Opinion
2014-02-20
David E. Lubinski, Edgewater, Florida, appellant pro se. Jon Kosich, Greenville, for respondent.
David E. Lubinski, Edgewater, Florida, appellant pro se. Jon Kosich, Greenville, for respondent.
Before: PETERS, P.J., STEIN, McCARTHY and GARRY, JJ.
GARRY, J.
Appeal from an order of the Family Court of Greene County (Tailleur, J.), entered February 22, 2013, which, in a proceeding pursuant to Family Ct. Act article 4, denied respondent's objections to the order of a Support Magistrate.

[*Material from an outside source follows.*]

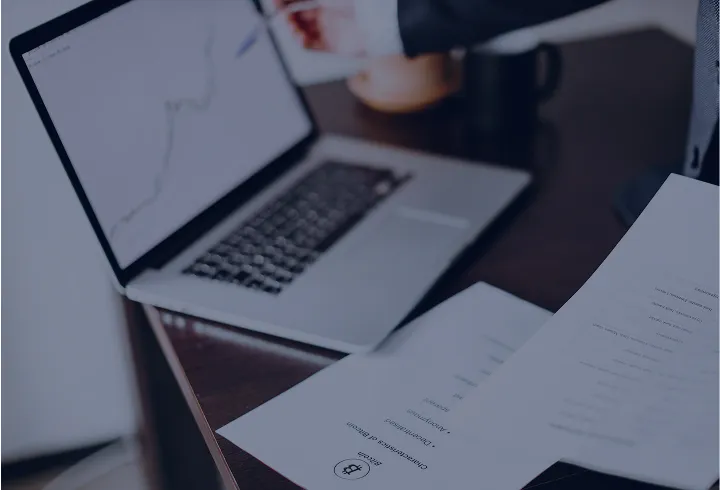 Person holding financial documents next to a laptop displaying a line graph on a wooden desk.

Petitioner (hereinafter the mother) and respondent (hereinafter the father) are the divorced parents of a son (born in 1993). In 1994, the parties executed a separation agreement which was incorporated, but not merged, into their judgment of divorce. In July 2011, the mother commenced this proceeding seeking an upward modification of child support and alleging that the father had failed to pay health insurance costs and college expenses for the son as required by the agreement. The father separately petitioned for, among other relief, a downward modification of support and reimbursement for alleged past overpayments. Following a hearing, a Support Magistrate issued an order and findings of fact to which the father objected. After Family Court sustained some of his objections, the Support Magistrate issued supplemental findings of fact and an order that, among other things, directed the father to pay specified college expenses and decreased his obligation for health insurance expenses. Family Court denied the father's further objections, and the father appeals.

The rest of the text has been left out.